La quema de un autobús con sus pasajeros dentro, en el que murieron carbonizados 14 de sus ocupantes, es un hecho definitivamente repudiable y condenable.
Seguramente, ningún calificativo se apega al dolor y a la consternación que el vil hecho ha provocado, no sólo entre los y las habitantes de Mejicanos, sino a escala nacional, hasta donde las noticias llegaron.
Y es que es tan repugnante el hecho, que el mismo Presidente de la República, Mauricio Funes, no ha dudado en calificar el macabro suceso como un acto de terrorismo.
En efecto, los que ordenaron y ejecutaron la criminal acción buscan precisamente eso, provocar terror entre la ciudadanía honrada, lo cual, por supuesto, es peligroso.
Peligroso porque el miedo puede llevar a varias situaciones igual de peligrosas. Por ejemplo, que la ciudadanía honrada crea que las autoridades no son suficientes para garantizarles la seguridad y que deben tomar la ley en sus manos.

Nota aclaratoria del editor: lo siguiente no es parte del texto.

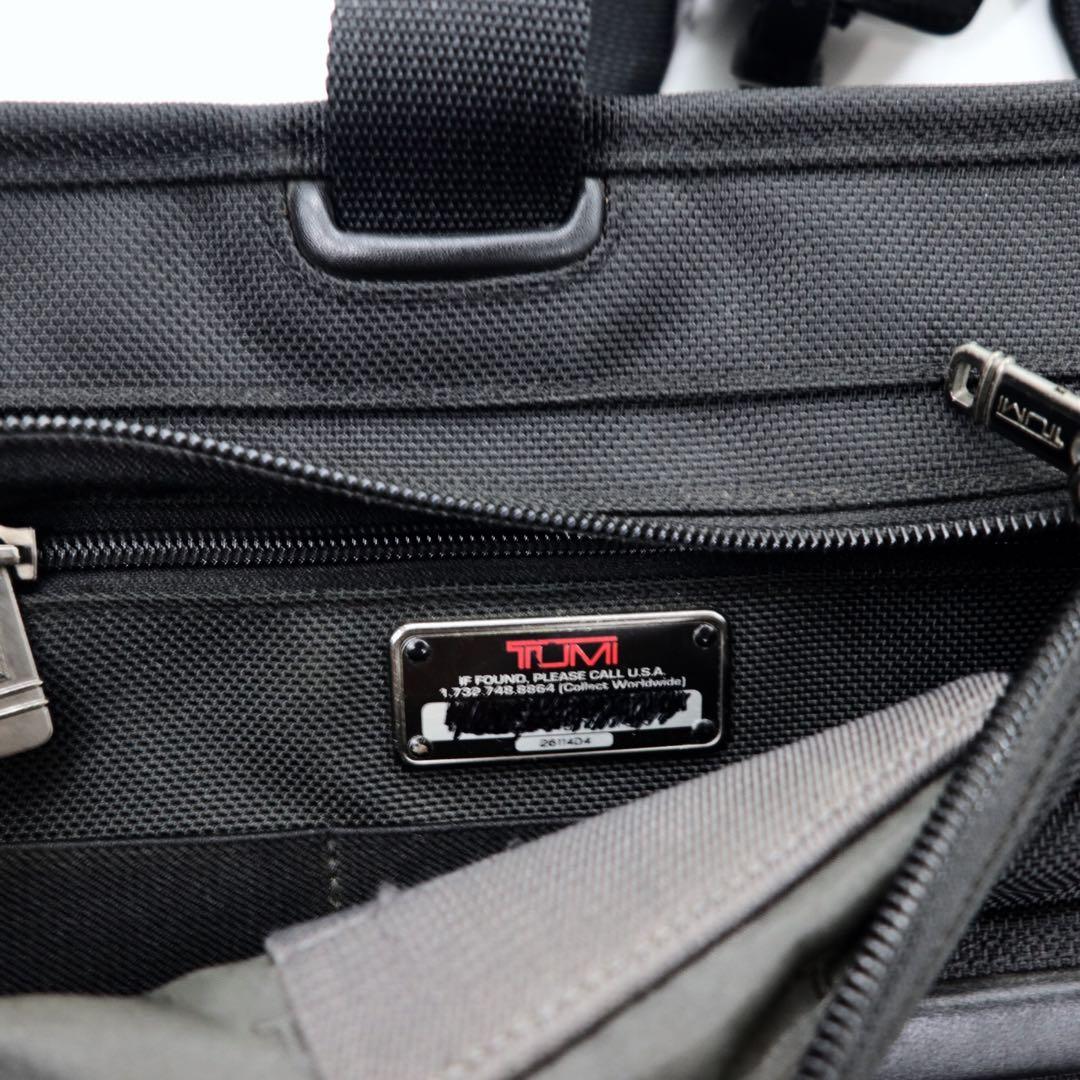 TUMI コンパクト ラージスクリーン コンピューター 2WAY ブリーフケース ビジネスバッグ ショルダーバッグ ブラック PC収納 G4.4シリーズ COMPACT LARGE SCREEN COMPUTER BRIEF 26114 ストラップ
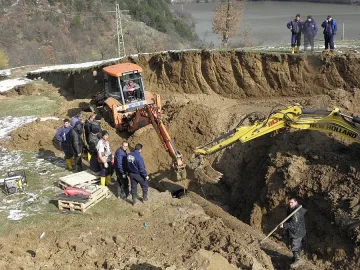 Екипи на „ВиК“ с тежка механизация отстраняват аварията на магистралния водопровод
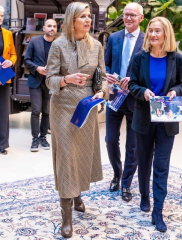 Royal Style: On with the chic, and the royal mystique! 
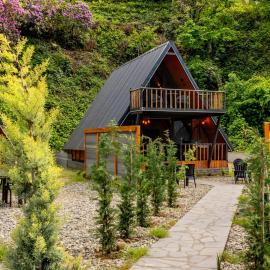 Nesli Villa & Bungalow - 3 no'lu Bungalov (2+1)，位于里泽的酒店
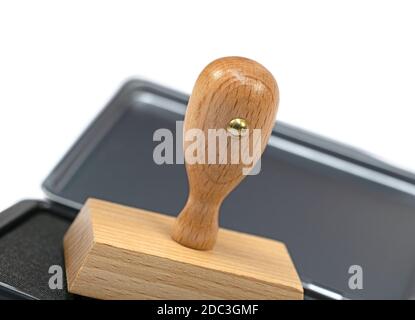 Francobollo in legno su un francobollo su sfondo bianco Foto Stock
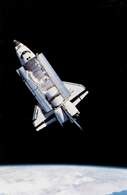 Prom Challenger z otwartym lukiem ładowni, lipiec 1983 /Encyklopedia Internautica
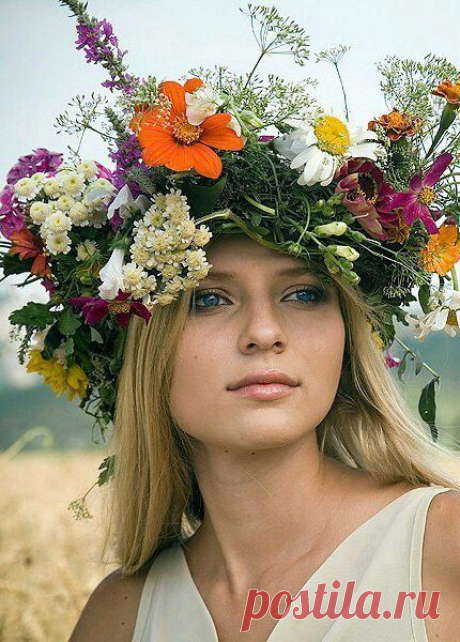 Если хочешь пить, то колодец копай.
Если холодно станет, то печь истопи.
Если голоден, то испеки каравай.
Если ты одинок, то чуть-чуть потерпи.
И потянутся путники по одному
И к воде, и к теплу, и к тебе самому.
@Валентин Берестов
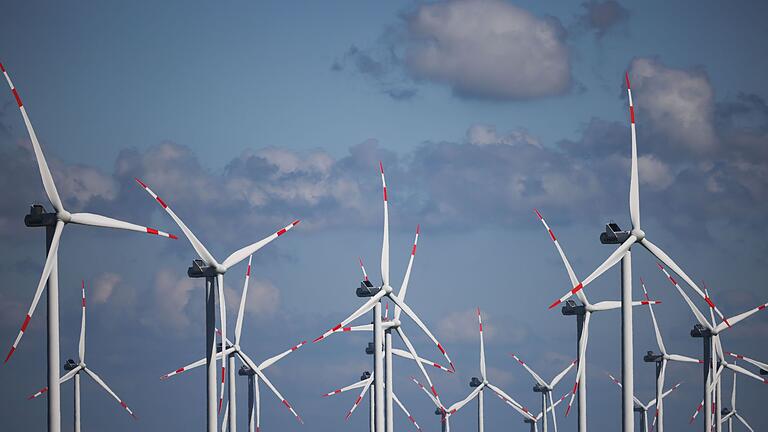 Windpark an der Nordsee       -  Die Energienutzung aus Wind- und Solarkraft ist 2023 auf dem höchsten je registrierten Stand. (Archivbild)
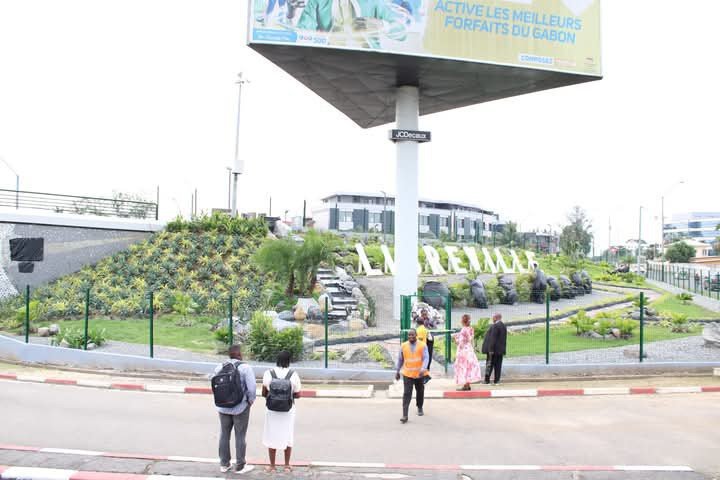  Le « Jardin des Neuf Provinces » : Un Trésor culturel émerveille Libreville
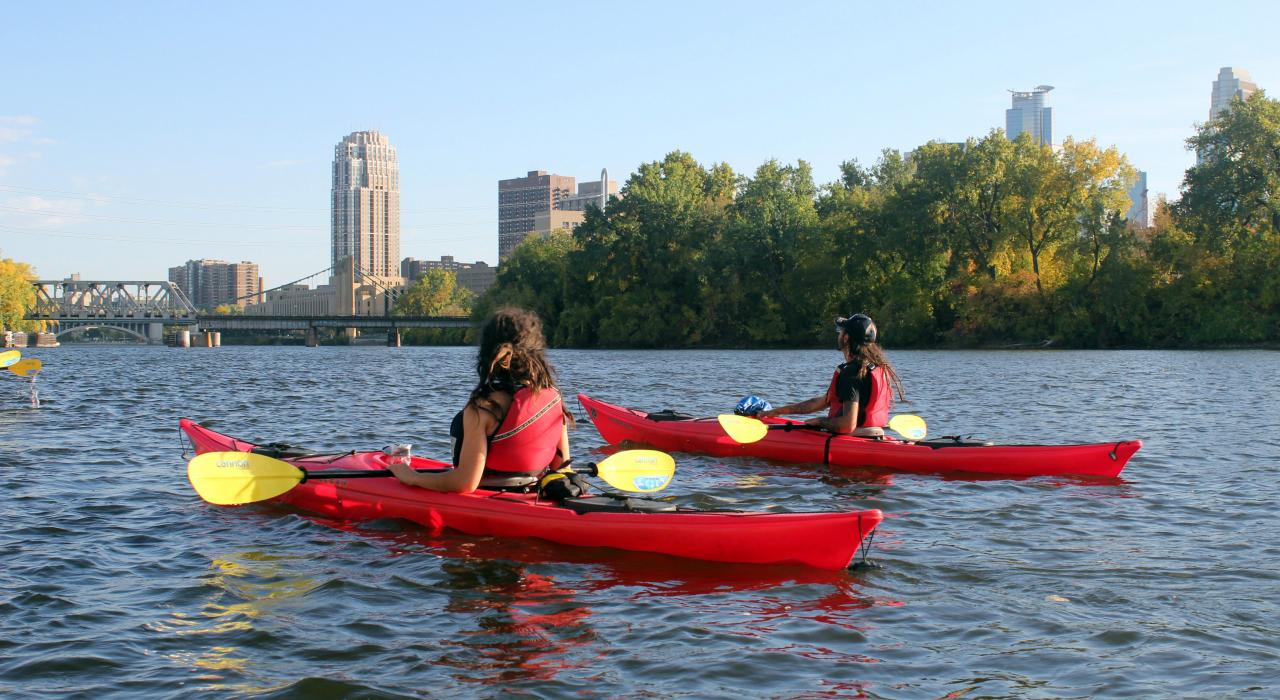 Kajaktour nahe des Stadtzentrums oberhalb der Wasserfälle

O, que la ciudadanía siga atemorizada, y, además apática, por lo que deja todo a la voluntad de los criminales, independiente de la organización delictiva que hayan adoptado.
Ese terror o miedo, puede llevar también a apoyar medidas irracionales como las que propone ARENA y GANA (ambos por cierto responsables de los niveles de criminalidad hasta hoy alcanzados, cuando fueron gobierno) como la pena de muerte y otras medidas surgidas más al calor de la conmoción que de la reflexión.
Los y las salvadoreñas debemos llorar a nuestros muertos, y pese al dolor profundo, no anteponer las emociones a la razón. Es decir, no hay que buscar las salidas aparentemente más fáciles, sino las más complejas, porque de lo contrario vamos a cometer más errores y no encontraremos solución al problema.
La Policía Nacional Civil ha respondido de forma rápida en este caso, y ya tiene pistas, y ya tiene capturas. Debemos esperar que las investigaciones terminen, y, sobre todo, si se le puede apoyar con más información sería muy pertinente.
Este diario comparte la tesis del IEJES, así lo hemos expresado en editoriales anteriores, que en el tema de la criminalidad, más ajustes entre pandillas o el crimen organizado, hay también un pequeño pero fuerte sector interesado en que se mantenga este clima de inseguridad, para provocar a su vez la ingobernabilidad, que ya parece asomar con las declaraciones de la derecha política.
En tal sentido, el Presidente Funes, quien hasta hoy ha actuado de forma racional, no debe dejarse llevar por las tensiones de esas fuerzas oscuras, ni por los estados anímicos de la población.
Eso sí, hay que dar un golpe de timón, que no solo contribuya a generar confianza, sino seguir golpeando al crimen organizado, pero, con la ayuda de todos y todas.